Work instruction:
All the lines below should appear again unchanged, though their pictures should not.

Information shown:
::::::::::

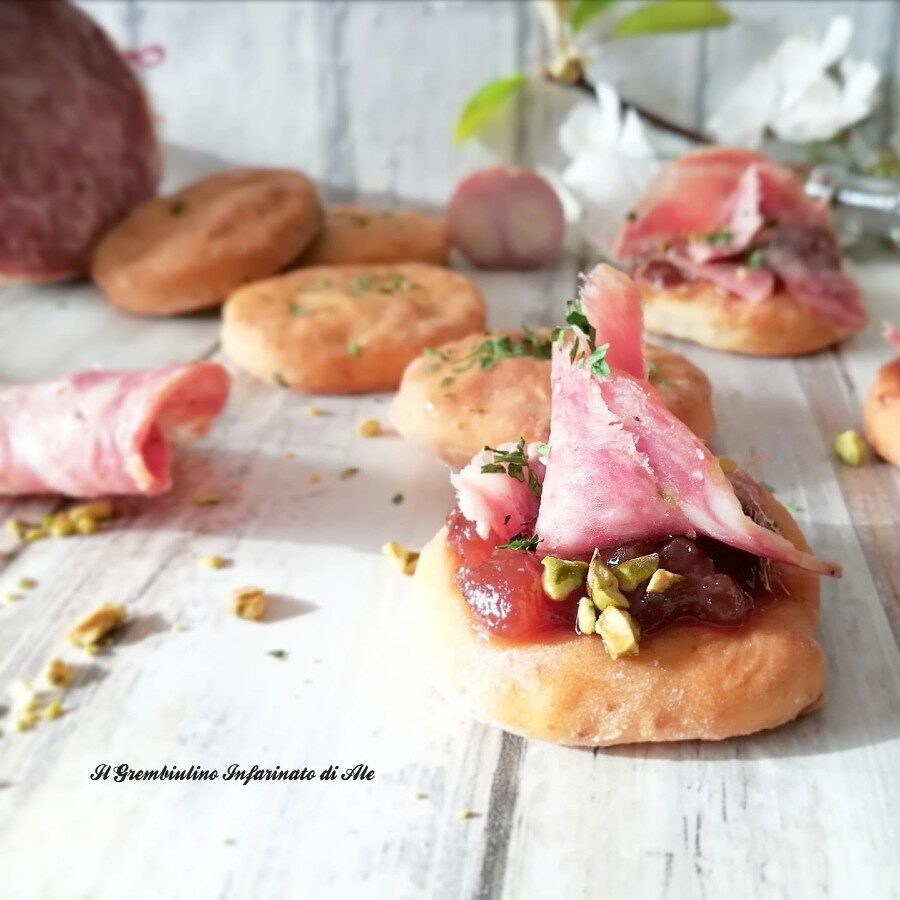 Pizzette allo yogurt con cipolle caramellate e finocchiona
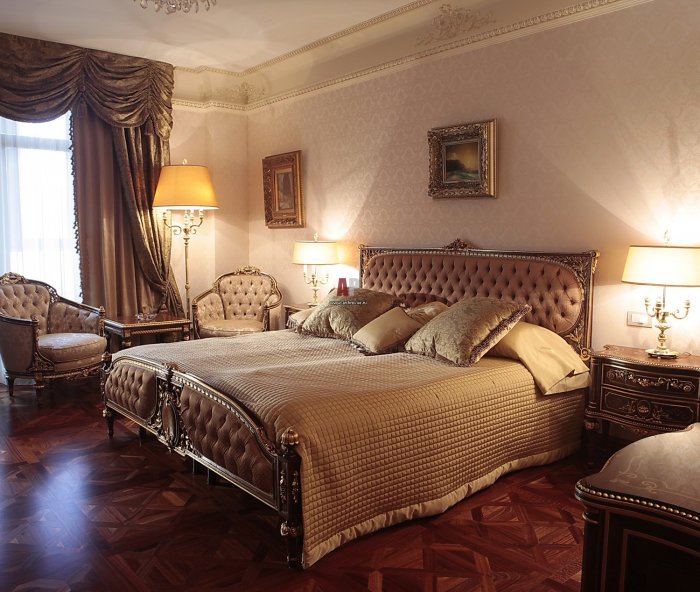 Темная спальня в классическом стиле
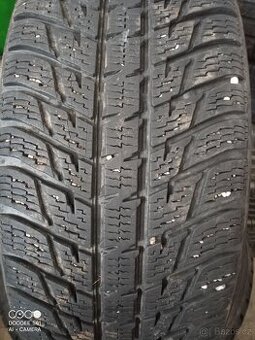 225/60 R17 Nokian zimní SUV XL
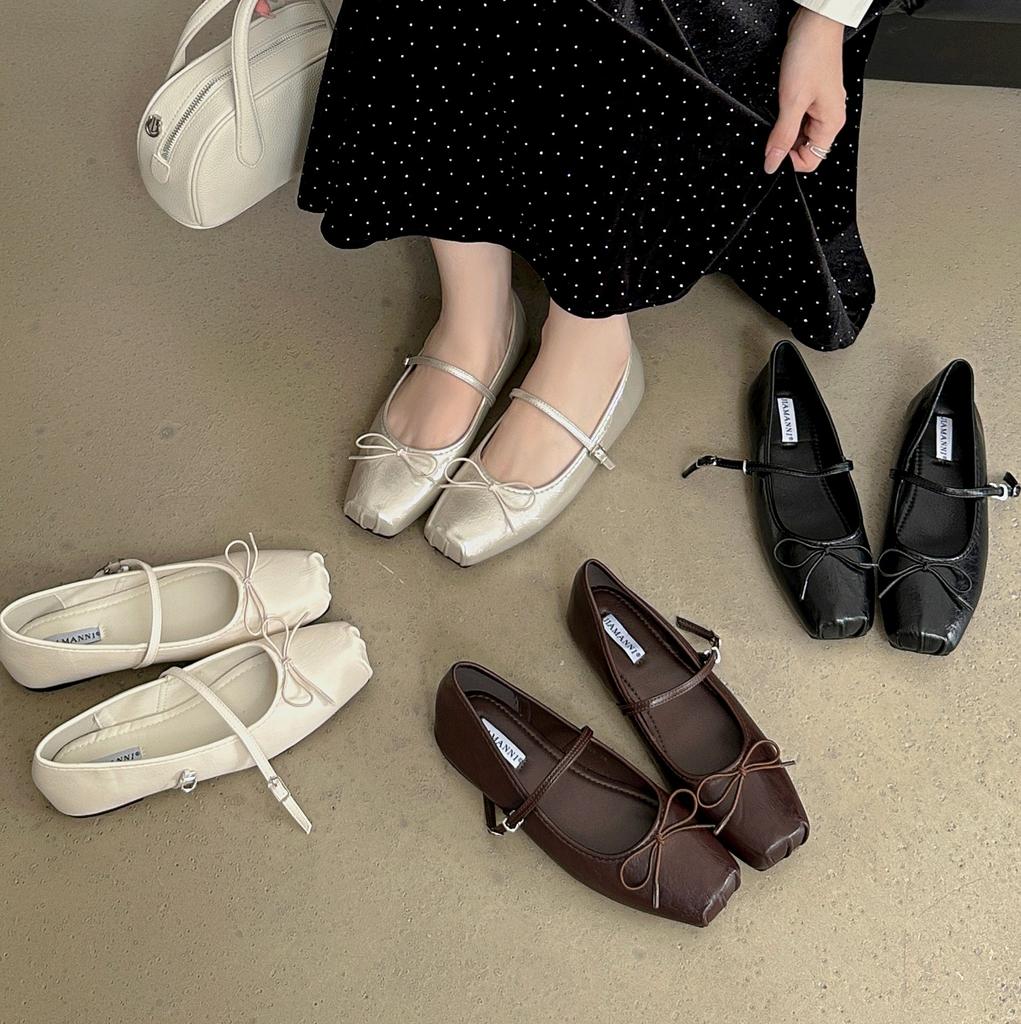 2025 Autumn and Winter New French Retro Square Head Shallow Mouth Single Shoes Women's Versatile One-word Belt Ballet Shoes Women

::::::::::

Output:
 Pizzette allo yogurt con cipolle caramellate e finocchiona
 Темная спальня в классическом стиле
 225/60 R17 Nokian zimní SUV XL
 2025 Autumn and Winter New French Retro Square Head Shallow Mouth Single Shoes Women's Versatile One-word Belt Ballet Shoes Women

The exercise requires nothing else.